Raymond Poincaré Kimdir? Fransa’yı I. Dünya Savaşına Sokan Siyasetçi

0
Advertisement

Raymond Poincaré kimdir? Fransa’nın I. Dünya Savaşına girmesi ile sonuçlanan politikalar gütmüş Fransız siyasetçinin hayatı ve siyasi kariyeri.

Raymond Poincaré

Raymond Poincaré

Raymond Poincaré, (d. 20 Ağustos 1860, Bar-le-Duc – ö. 15 Ekim 1934, Paris, Fransa), Fransız devlet adamı. 1912’deki başbakanlığı sırasında Fransa’nın I. Dünya Savaşı’na girmesiyle sonuçlanan politikaların belirlenmesinde önemli rol oynamış ve savaş sırasında cumhurbaşkanlığı yapmıştır. Politeknik Okul da eğitim gördü. Paris Üniversitesi’nde hukuk öğrenimini tamamladıktan sonra 1882’de baroya kabul edildi. 1887’de milletvekili seçildi. Altı yıl sonra eğitim bakanlığını üstlenerek Üçüncü Cumhuriyet tarihinin en genç bakanı oldu. 1894’te maliye. 1895’te ise eğitim bakanlığına getirildi.

1903’te Temsilciler Meclisi’nden ayrıldı ve 1912’ye değin Senato üyeliği yaptı. Bu dönemde. Mart 1906’da getirildiği maliye bakanlığı dışında hükümette görev almadı. Ocak 1912’de başbakan olduktan sonra dışişleri bakanlığını da üstlenen Poincare, Ocak 1913’e değin sürdürdüğü bu görevi sırasında Almanya’nın tehditleri karşısında kararlı bir politika izledi. Ağustos 1912’de Rus hükümetine Fransa’yla Rusya arasındaki ittifaka sadık kalacağı konusunda güvence verdi ve aynı yıl kasım ayında İngiltere’yle, uluslararası bunalımlar sırasında başvurulacak bir antlaşma imzaladı.

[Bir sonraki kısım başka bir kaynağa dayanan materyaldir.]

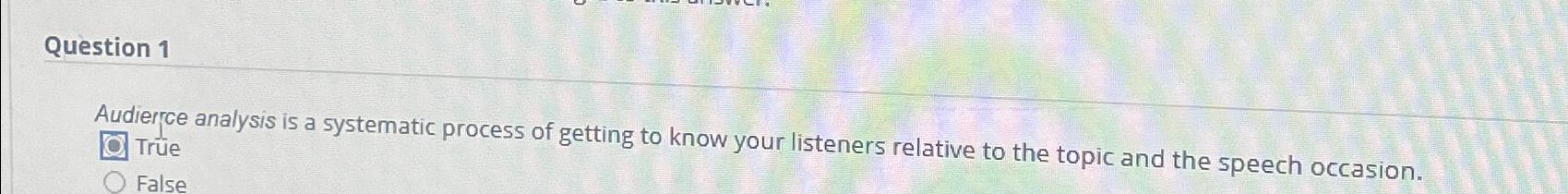  Question 1 Audierce analysis is a systematic process of getting to
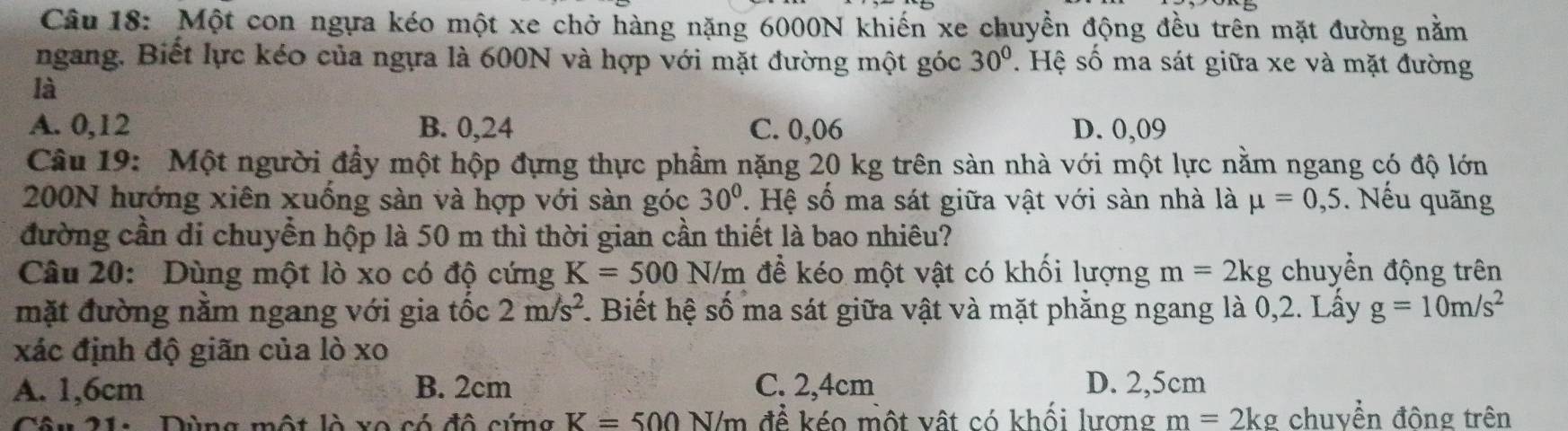 Một con ngựa kéo một xe chở hàng nặng 6000N khiến xe chuyền động đều trên mặt đường nằm
ngang. Biết lực kéo của ngựa là 600N và hợp với mặt đường một góc 30°. Hệ số ma sát giữa xe và mặt đường
là
A. 0,12 B. 0,24 C. 0,06 D. 0,09
Câu 19: Một người đầy một hộp đựng thực phẩm nặng 20 kg trên sàn nhà với một lực nằm ngang có độ lớn
200N hướng xiên xuống sàn và hợp với sàn góc 30°. Hệ số ma sát giữa vật với sàn nhà là mu =0,5. Nếu quãng
đường cần di chuyển hộp là 50 m thì thời gian cần thiết là bao nhiêu?
Câu 20: Dùng một lò xo có độ cứng K=500N/m để kéo một vật có khối lượng m=2kg chuyển động trên
mặt đường nằm ngang với gia tốc 2m/s^2 1. Biết hệ số ma sát giữa vật và mặt phẳng ngang là 0,2. Lấy g=10m/s^2
xác định độ giãn của lò xo
A. 1,6cm B. 2cm C. 2,4cm D. 2,5cm
C l à vo có đô cứm g K=500N/m để kéo một vật có khối lượng m=2kg chuyền đông trên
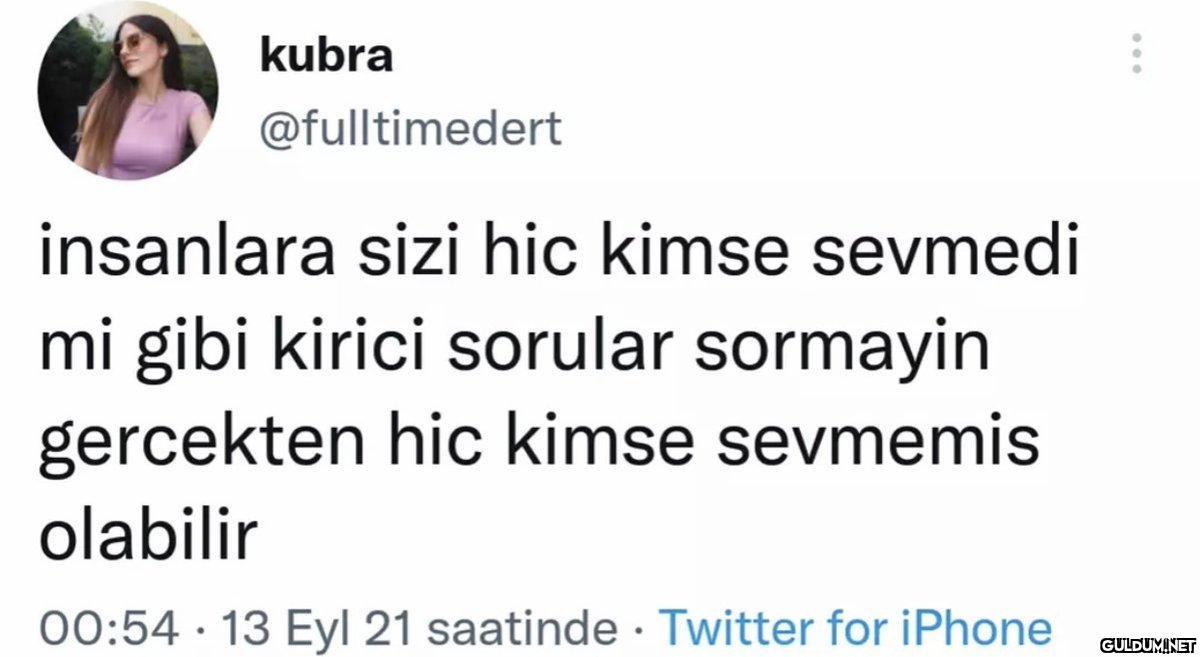 kubra @fulltimedert...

Rusya’nın Balkanlar’daki etkinliklerine sağladığı destek ve Almanya karşısındaki uzlaşmaz tutumu savaş kışkırtıcılığıyla suçlanmasına neden oldu.

Ama, Avrupa’da savaşın kaçınılmaz olduğuna ve güvenliğin ancak güçlü bir ittifakla sağlanabileceğine inanan Raymond Poincaré’nin büyük korkusu. Fransa’nın 1870’te olduğu gibi yalnız kalarak askeri bakımdan üstün bir güç olan Almanya için kolay bir av durumuna düşmesiydi. Raymond Poincaré, Georges Clemenceau önderliğindeki solun muhalefetine karşın 17 Ocak 1913’te cumhurbaşkanlığına seçildi. Bu görevi sırasında cumhurbaşkanlığını etkin bir siyasal makam durumuna getirmeye ve sol, sağ ve merkez güçler arasında bir tür kutsal ittifak oluşturmaya çalıştı. Hükümeti Clemenceau’ya teslim ederek I. Dünya Savaşı boyunca ulusal birliği korumak için çaba gösterdi.

1920’de cumhurbaşkanlığından ayrıldıktan sonra Senato’ya döndü. Yeniden başbakan ve dış işleri bakanı olduğu dönemde (1922-24) Almanya’nın tazminat ödemelerini ertelemesine tepki olarak Fransız birliklerine Ruhr bölgesini işgal emri verdi. Temmuz 1926’daki son başbakanlık döneminde Fransız Frangı’nın değerine istikrar kazandırıp altın standardına geçerek ülkenin içinde bulunduğu ağır mali bunalıma çözüm getirmeye çalıştı.

Hastalığı nedeniyle Temmuz 1929’da başbakanlıktan istifa etmek zorunda kaldı. Son yıllarını Au service de la Frante (1926-33, 10 cilt; Fransa’nın Hizmetinde) adlı anılarını yazarak geçirdi.